Would you set down the data that follows, word for word, without any pictures?
━━ THE INPUT
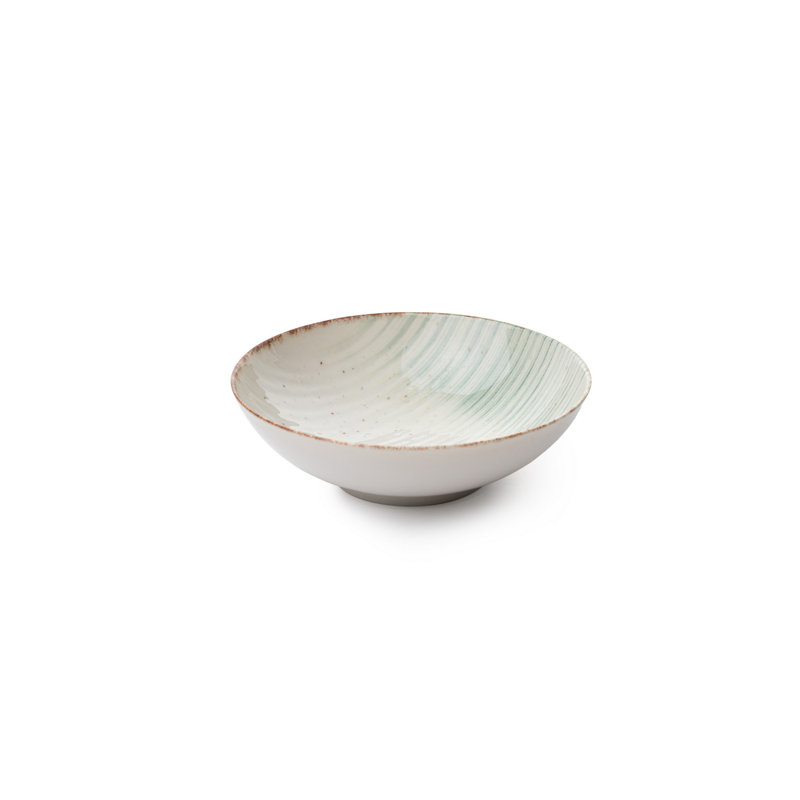Service de table (24 pièces)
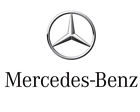 1248001675 Mercedes-benz Trunk Lock Actuator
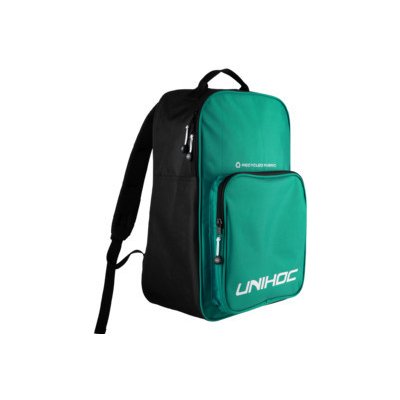 Unihoc CLASSIC stick holder – Sleviste.cz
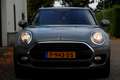 MINI One Clubman Mini 1.5 Chili Automaat*Incl. BTW*Perfect Onderh.* Grau - thumbnail 19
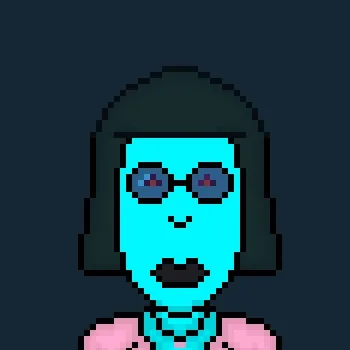 The Pixels Inc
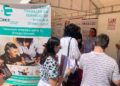 clece-feria-empleo-004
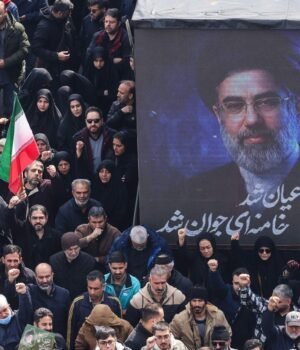 TOPSHOT-IRAN-US-ISRAEL-WAR-8_1779104513425_1779104520542_12ef20f6-de90-4af0-9dde-f25302166caf.jpg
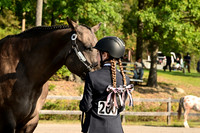 AJB_0248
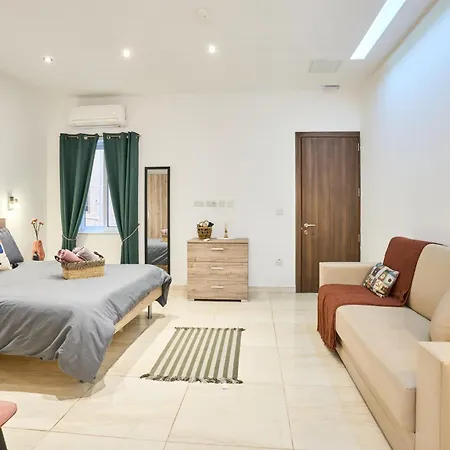 Vlt125 Experience アパート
━━━━
== OUTPUT OF THE EXERCISE ==
Service de table (24 pièces)
 1248001675 Mercedes-benz Trunk Lock Actuator
 Unihoc CLASSIC stick holder – Sleviste.cz
 MINI One Clubman Mini 1.5 Chili Automaat*Incl. BTW*Perfect Onderh.* Grau - thumbnail 19
 The Pixels Inc
 clece-feria-empleo-004
 TOPSHOT-IRAN-US-ISRAEL-WAR-8_1779104513425_1779104520542_12ef20f6-de90-4af0-9dde-f25302166caf.jpg
 AJB_0248
 Vlt125 Experience アパート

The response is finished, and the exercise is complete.